Karina Álvarez y Sergio Rodríguez Heredia. Son biólogos egresados de la Universidad de la Plata, donde se conocieron en 1989. Desde San Clemente, llevan adelante proyectos de rescate y rehabilitación de pingüinos magallánicos y tortugas marinas para la Fundación Mundo Marino, creada en 1977 a raíz de la cantidad de animales que aparecían en la playa con necesidad de atención. "Hace 10 años, el principal problema eran los derrames de petróleo y la gran cantidad de aves afectadas por él. Ahora, esto ha bajado y el tema alarmante es el plástico", dice Sergio, al frente del Centro de Rescate y Rehabilitación.
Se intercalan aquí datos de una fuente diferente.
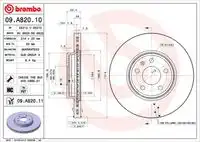 Тормозной диск BREMBO 09.A820.11 вентилируемый , передняя ось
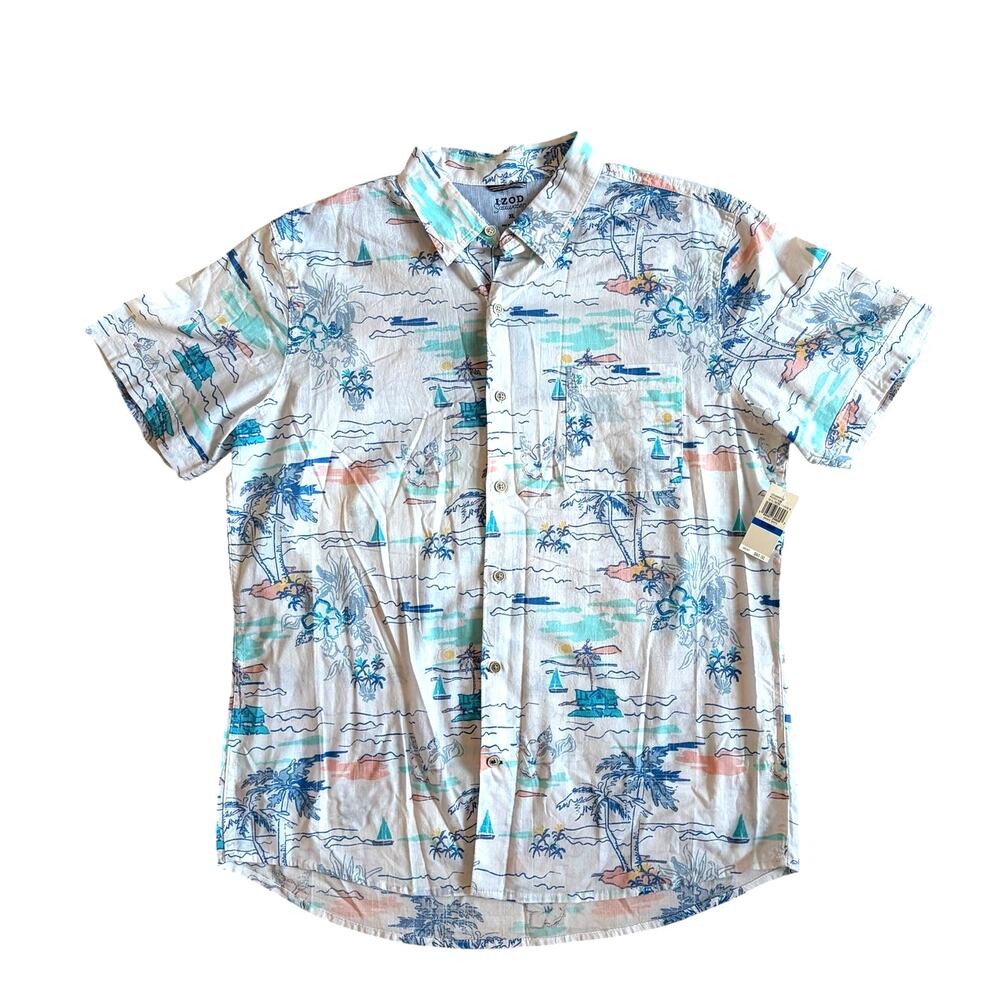 IZOD Saltwater Men's XL Short Sleeve Button Up Shirt Tropical Hawaiian NEW
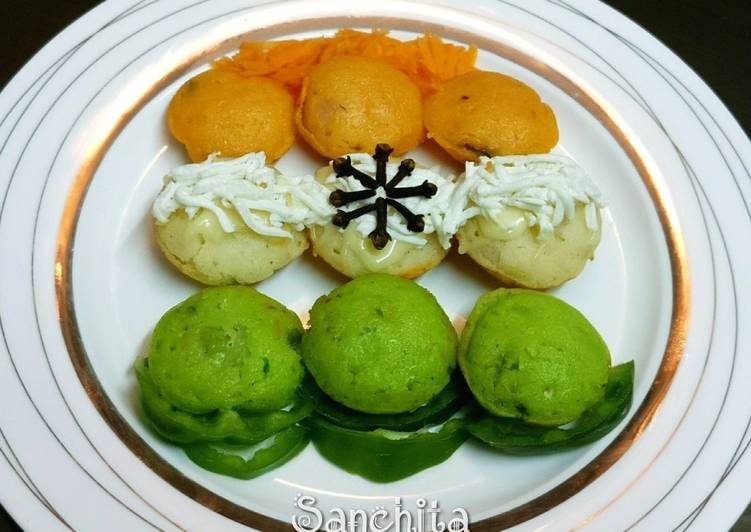 Recipe of Speedy Tricoloured Suji Mix Veg Appe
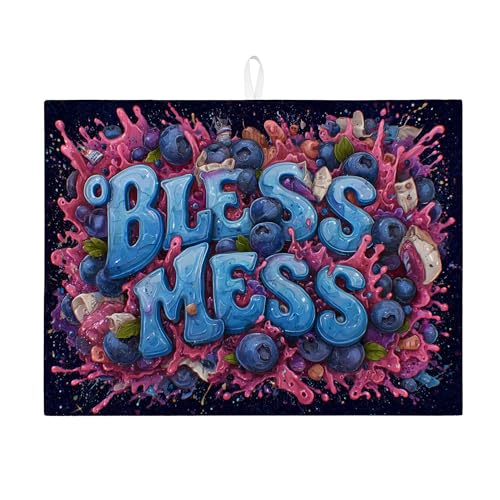 Blueberry Blessing Tapis de séchage à vaisselle pour comptoir de cuisine, style festif et amusant, absorbant, égouttoir à vaisselle en microfibre pour réunions saisonnières, 45,7 x 61 cm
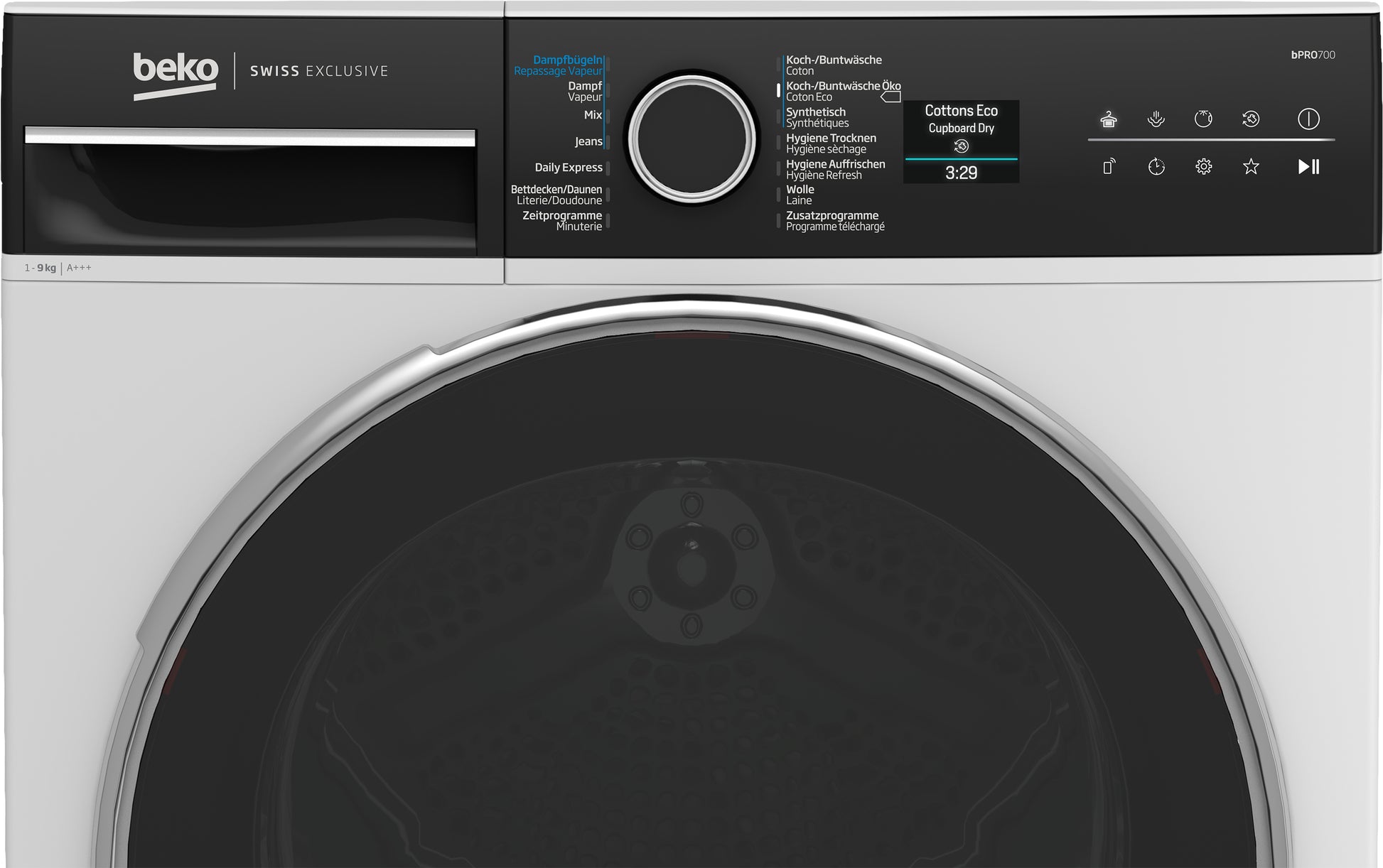 Beko Wäschetrockner TR710 – 9 kg, Wärmepumpe, Energieeffizienzklasse C, 63 dB – Weiss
Dicen que el ser humano es uno con la naturaleza. Esta pareja cree que no se trata de caminar por la arena y dejar huellas, sino de sentir que la arena es parte de uno. "Basta el momento en el que los animales nos miran, nos enfocan. Ese instante de conexión con sus miradas no puede quedar como un recuerdo. Hay que hacerlo valer, por la vida misma de ese animal, que tiene que tener una consecuencia positiva para que la gente entienda que cada uno de ellos importa, desde una ballena hasta una gaviota. Ese es nuestro desafío: que el mensaje llegue a la gente, que nos crea, que entiendan, lo sientan y se lo apropien", agrega Sergio.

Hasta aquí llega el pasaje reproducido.